Your instructions: Using the records below, filter out every line that lacks "Shop" and copy the rest.

Data provided:

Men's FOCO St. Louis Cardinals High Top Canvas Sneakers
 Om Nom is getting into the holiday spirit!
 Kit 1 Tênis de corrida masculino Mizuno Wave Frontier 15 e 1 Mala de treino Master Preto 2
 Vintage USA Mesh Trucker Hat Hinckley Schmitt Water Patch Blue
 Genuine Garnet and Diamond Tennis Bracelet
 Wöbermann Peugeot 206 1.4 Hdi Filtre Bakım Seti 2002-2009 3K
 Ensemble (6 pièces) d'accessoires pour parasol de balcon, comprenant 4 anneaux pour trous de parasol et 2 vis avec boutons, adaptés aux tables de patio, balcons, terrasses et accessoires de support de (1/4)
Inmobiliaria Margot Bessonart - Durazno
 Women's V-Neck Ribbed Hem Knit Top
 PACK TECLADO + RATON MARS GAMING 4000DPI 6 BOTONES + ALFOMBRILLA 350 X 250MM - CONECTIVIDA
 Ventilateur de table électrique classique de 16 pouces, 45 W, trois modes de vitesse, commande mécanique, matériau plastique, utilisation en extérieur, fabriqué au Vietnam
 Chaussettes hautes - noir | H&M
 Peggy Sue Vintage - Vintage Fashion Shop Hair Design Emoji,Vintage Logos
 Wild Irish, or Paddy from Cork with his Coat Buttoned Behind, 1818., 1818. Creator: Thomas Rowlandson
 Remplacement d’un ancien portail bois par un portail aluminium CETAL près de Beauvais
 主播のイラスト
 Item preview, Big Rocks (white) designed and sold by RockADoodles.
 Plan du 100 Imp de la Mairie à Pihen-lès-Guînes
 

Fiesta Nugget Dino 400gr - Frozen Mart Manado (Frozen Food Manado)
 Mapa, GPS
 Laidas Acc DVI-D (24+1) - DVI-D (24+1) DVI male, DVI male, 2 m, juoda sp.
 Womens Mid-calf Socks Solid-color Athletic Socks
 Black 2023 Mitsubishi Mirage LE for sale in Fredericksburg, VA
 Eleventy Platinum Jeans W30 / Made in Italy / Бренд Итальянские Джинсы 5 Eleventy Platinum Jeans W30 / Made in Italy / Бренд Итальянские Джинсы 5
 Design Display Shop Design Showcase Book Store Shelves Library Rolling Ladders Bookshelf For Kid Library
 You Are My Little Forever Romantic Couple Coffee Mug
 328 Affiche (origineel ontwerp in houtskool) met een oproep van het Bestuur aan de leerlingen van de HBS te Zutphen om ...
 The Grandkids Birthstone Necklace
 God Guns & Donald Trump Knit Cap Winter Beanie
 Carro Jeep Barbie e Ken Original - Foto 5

Finished task:
 Peggy Sue Vintage - Vintage Fashion Shop Hair Design Emoji,Vintage Logos
 Design Display Shop Design Showcase Book Store Shelves Library Rolling Ladders Bookshelf For Kid Library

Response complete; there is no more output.